O Código Civil (CC), que vigora atualmente, estabelece que as relações entre padrastos, madrastas e seus enteados gera o parentesco por afinidade, que impede o casamento entre eles, sendo esse vínculo oriundo de casamento ou de união estável (art.1.595 c/c art. 1.521, II).
A proposta da Subcomissão de Família repete essa norma, de modo a considerar que há parentesco por afinidade nessas relações, em capítulo chamado de Famílias Recompostas (Relatório da Subcomissão, art. 1.510-L), mas propõe que aqueles que se casam ou passam a viver em união estável com uma pessoa que já tem filhos terá o dever de pagar pensão alimentícia ao enteado se a relação com o genitor (pai ou mãe) dessas crianças ou adolescentes terminar. Isto sendo aplicável até mesmo se a relação de casamento ou de união estável que gerou o parentesco por afinidade não terminou e o enteado estiver morando com seu outro genitor.
Vejam a proposta da referida Subcomissão: Art. 1.694. § 1º-A. A obrigação de prestar alimentos existe independentemente da natureza do parentesco e da existência de multiparentalidade.
A proposta ressalva expressamente que não é necessário haver a multiparentalidade, que advém da socioafetividade, em que o padrasto ou a madrasta exerce o papel de pai ou de mãe do enteado.

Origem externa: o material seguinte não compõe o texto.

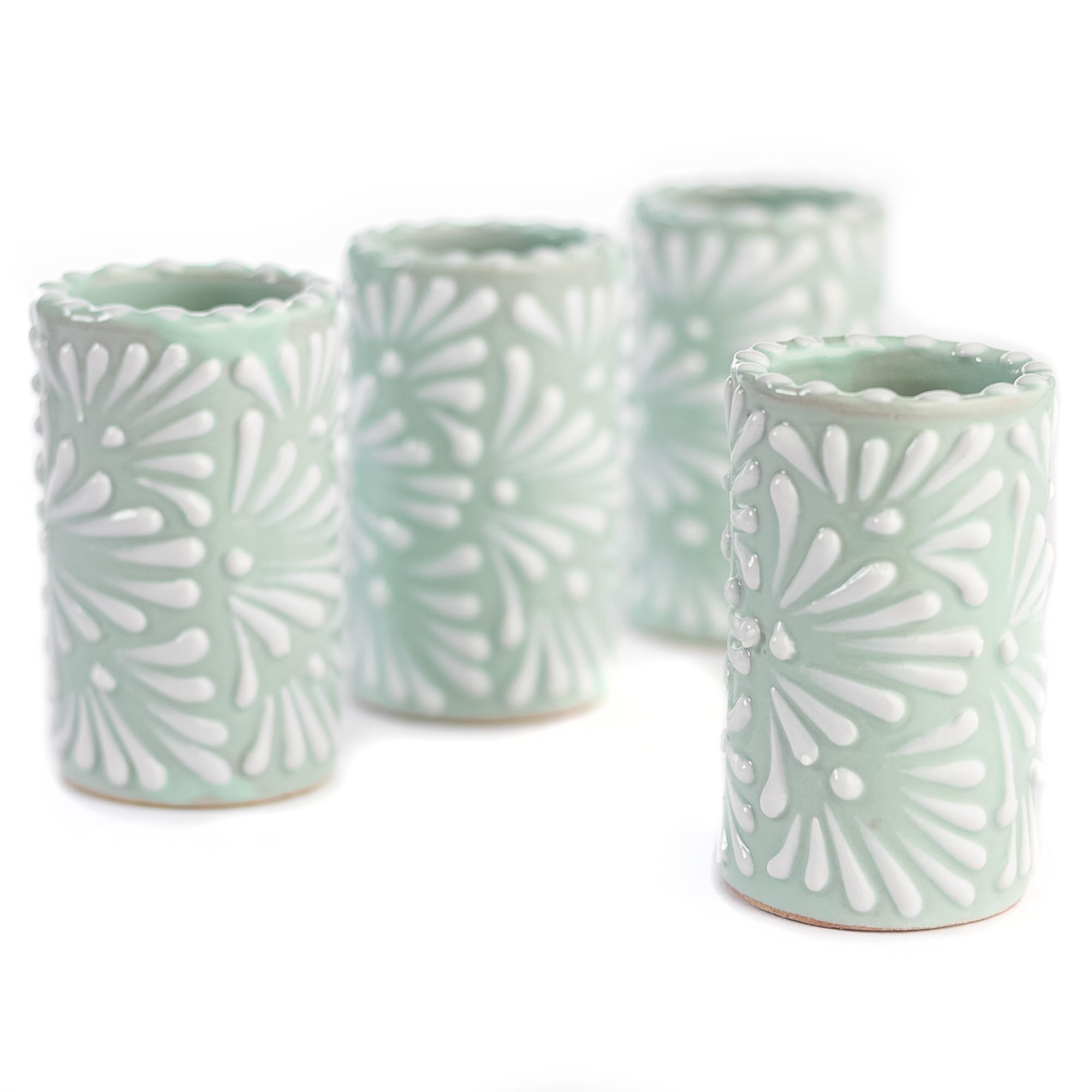 Talavera Shot Glasses Set of 4 Authentic Mexican Tequila Shot Glasses - Hand-painted - 2 Oz (White Brushstroke Mint Background)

A socioafetividade, com base no art. 1.593 do Código Civil e apoio especialmente dos julgados dos Tribunais, passou a ser entendida como relação de parentesco no Brasil, gerando todos os efeitos do parentesco consanguíneo.
Mas, na multiparentalidade ou socioafetividade o padrasto assume a posição de pai do seu enteado, com a afetividade recíproca na relação e assim sendo reconhecido pela sociedade, o que ocorre quando o genitor biológico não participa da criação e educação do filho, tendo desaparecido, ou sendo omisso, sendo somente assim que a jurisprudência reconhece que o chamado pai socioafetivo tem o dever de pagar pensão.

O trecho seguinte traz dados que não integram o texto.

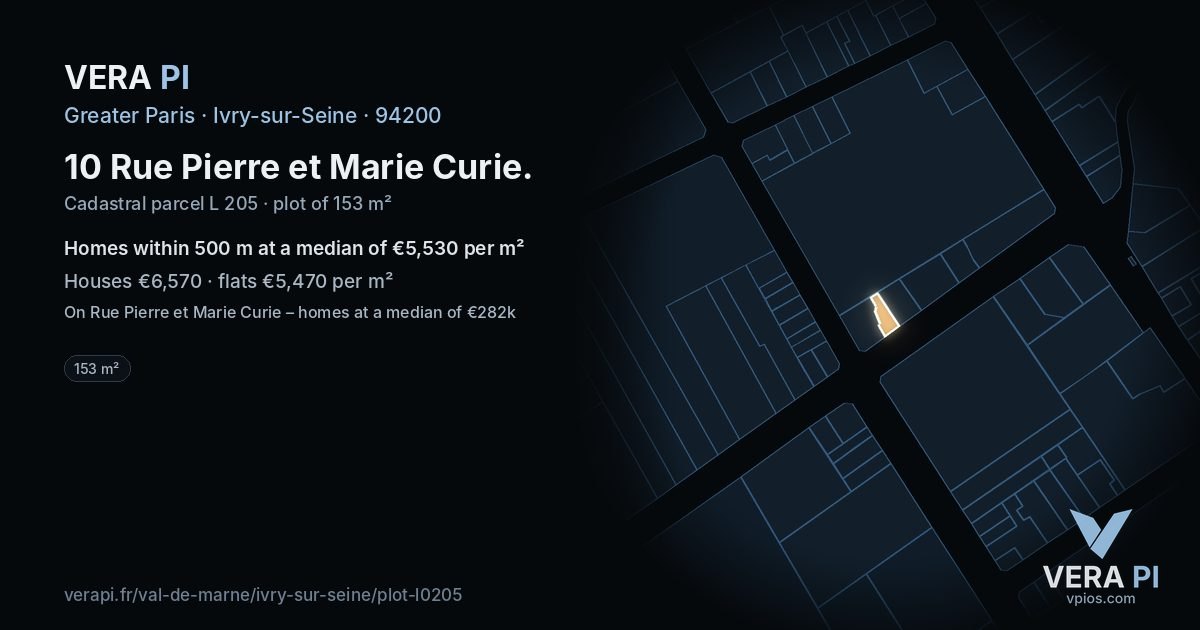 10 Rue Pierre et Marie Curie, Ivry-sur-Seine at night – the plot lit, the parcels around coloured by the prices near them
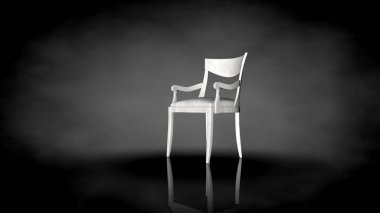 siyah bir arka plan üzerinde beyaz bir sandalyenin 3D render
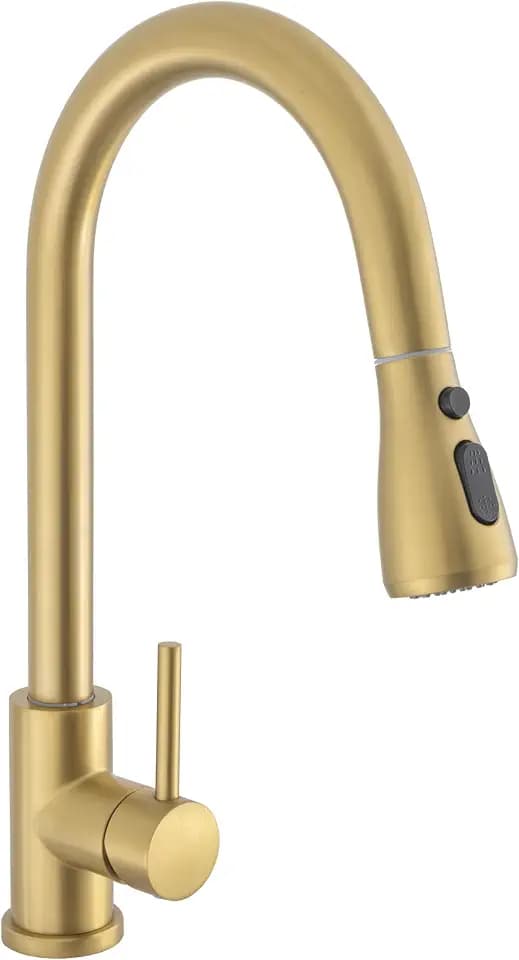 VALAZ Wasserhahn Küche Ausziehbar Gold Gebürstet | Küchenarmaturen | Wasserhahn Sprudelwasser, Wassersparend, Schnellmontage, 360 Grad Drehbar | Einfache Installation | Edelstahl, Eco Parana-Serie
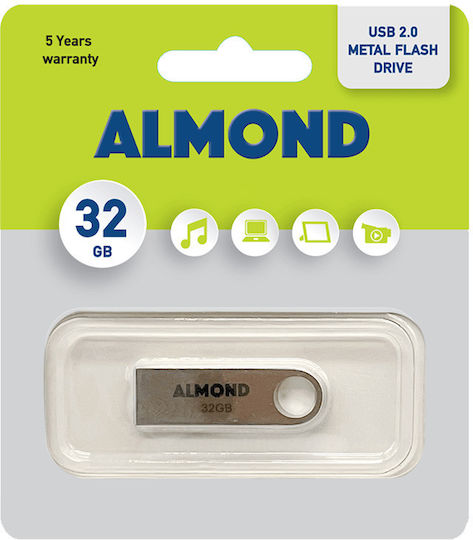 Almond Metal Flash 32GB USB 2.0 Stick Ασημί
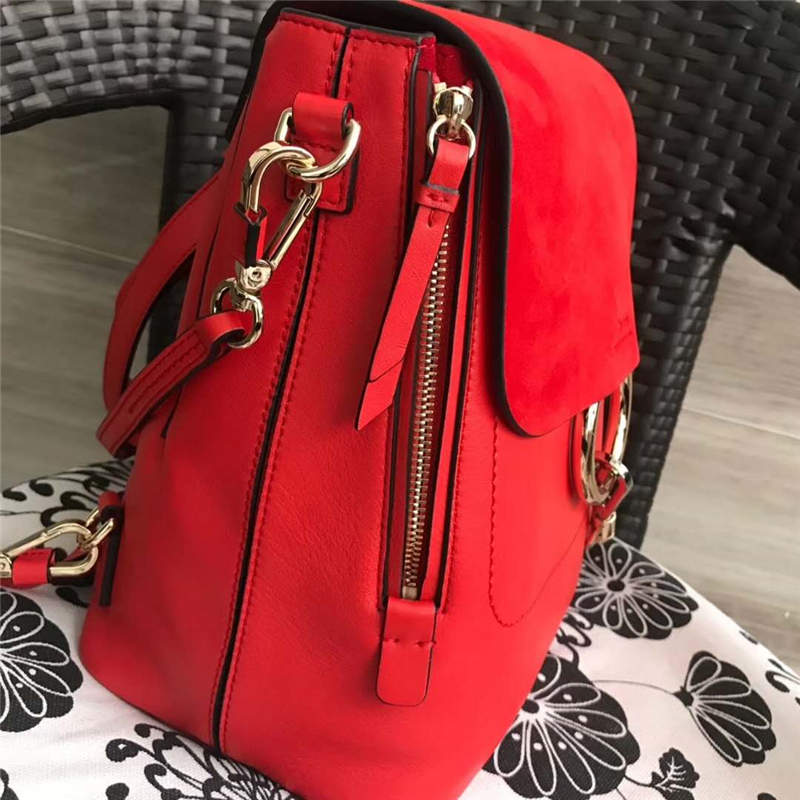 Chloe 珂洛伊 Faye backpack 牛皮配磨砂皮 圓環(huán)鏈條 大號雙肩包 大紅色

Reitere-se que a proposta da Subcomissão é de que, sem a socioafetividade, ou seja, sem assumir a posição de pai ou de mãe, o padrasto e a madrasta passem a ter o dever de pagar pensão alimentícia aos enteados.
Isto, obviamente, desincentivará os casamentos e uniões estáveis com pessoas que tenham filhos menores. É um evidente incentivo ao desafeto, ou celibato, em contradição ou na contramão do próprio relatório apresentado pela Subcomissão de Família, que acentua a importância do afeto como baliza do Direito de Família.
Recordemos que o dever de prestar alimentos poderá ser prolongado até o enteado alcançar os 24 anos, não terminando nem mesmo na sua maioridade civil dos 18 anos de idade.
Quem se sentirá confortável em casar-se ou viver em união estável com outra pessoa que já tenha filhos, sabendo que se houver a separação, sem a formação de vínculo socioafetivo ou da chamada multiparentalidade, possa ser obrigado a pagar pensão aos enteados?
A proposta em tela acarreta o seguinte: uma pessoa se casa com outra que tem filhos, se divorcia a seguir e terá o dever de sustentar os filhos alheios.
Nas propostas da ADFAS, somente em caso de socioafetividade, a ser considerada mediante o preenchimento dos requisitos adotados pela jurisprudência nacional, surge a obrigação alimentar. Assim foi proposta a nova redação do art. 1.593, §1º: “O parentesco socioafetivo requer o reconhecimento social da relação de filiação, como se pai ou mãe e filho consanguíneos fossem, e a demonstração objetiva da afetividade recíproca e assemelhada àquela que se presume existir entre um genitor biológico e seu filho.”.
Esperamos que a proposta da Subcomissão de Família, que pretende obrigar o padrasto ou a madrasta a pagar pensão alimentícia aos seus enteados sem que se forme vínculo de socioafetividade, seja corrigida pela Relatoria da Comissão da Reforma do Código Civil, antes da apresentação do anteprojeto ao Senado, ou, se não o for, que o Senado esteja atento às suas desastrosas e injustas consequências.